Je ne me souviens que d’un mur immense 
Mais nous étions ensemble, ensemble nous l’avons franchi

J’ai besoin de nos chemins qui se croisent
Quand le temps nous rassemble
Ensemble tout est plus joli

Souviens-toi, ensemble nous l’avons franchi

LA PUISSANCE DE L’AMITIÉ

J’avais toujours à l’esprit le souvenir de mes précédents voyages à Lourdes quand, un jour, j’ai appris l’organisation d’un nouveau pèlerinage destiné aux jeunes. Inutile de dire que j’ai aussitôt contacté les organisateurs, dont le Père Guy.

Par précaution, celui-ci a d’abord pris l’initiative de parler de mes besoins spécifiques à de jeunes pèlerins habitués à ces déplacements.
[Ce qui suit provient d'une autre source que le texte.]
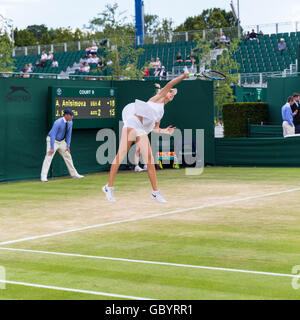 Amanda Anisimova, American giocatore di tennis, serve a campionati di Wimbledon 2016 Foto Stock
Il avait connu en particulier une personne handicapée native de Montpellier, qui se rendait tous les ans à Lourdes. Comme tout se passait bien pour elle, il m’a permis de participer, moi aussi, à ce pèlerinage. 

Le train partait aux alentours de seize heures. Je me suis retrouvée dans un compartiment en compagnie de jeunes de mon âge, qui partageaient les mêmes convictions. L’aventure commençait.

C’est là où j’ai battu mon record (si tant est que c’en soit un) : celui de me retenir le plus longtemps possible avant d’aller aux toilettes ! Pourtant, ces jeunes acceptaient spontanément de me prendre en charge ; de mon côté, je trouvais normal d’essayer d’être la moins encombrante et la moins exigeante possible. Surtout pas un fardeau ! J’ai réussi à tenir, depuis notre départ, jusqu’au coucher tardif du lendemain soir. Plus de trente heures sans les solliciter ! Il faut dire que j’avais particulièrement restreint ma consommation de boisson, même s’il faisait chaud. Ces jeunes avaient suffisamment de choses à faire sans que j’en rajoute. C’était le prix à payer pour une certaine liberté.

Lors de ce périple, je me suis liée d’amitié avec de nombreux autres jeunes. Tous m’étaient dévoués. Ils me lavaient, m’habillaient, m’emmenaient aux toilettes et m’installaient dans mon fauteuil. Ils devaient aussi me pousser, car je n’avais pu embarquer mon fauteuil électrique. Je logeais avec eux, au camp des jeunes, sous une tente qu’ils avaient également montée eux-mêmes. 

Certes, on m’avait offert la possibilité de loger à l’hôtel, mais mon budget ne le permettait pas. De plus, je n’imaginais pas réaliser ce pèlerinage sans ma sœur ni mon frère. J’avais donc choisi la formule la plus économique.

Afin de ne pas dormir à même le sol, j’avais cherché des lits de camp suffisamment hauts pour faciliter la tâche de mes « assistants », lors de mes transferts. Par bonheur, j’ai déniché des lits pliants en bois recouverts d’une toile verte, comme ceux des militaires. On y avait disposé des matelas gonflables, car il était hors de question que je fasse appel à mes amis durant la nuit. Je ne voulais pas les épuiser. 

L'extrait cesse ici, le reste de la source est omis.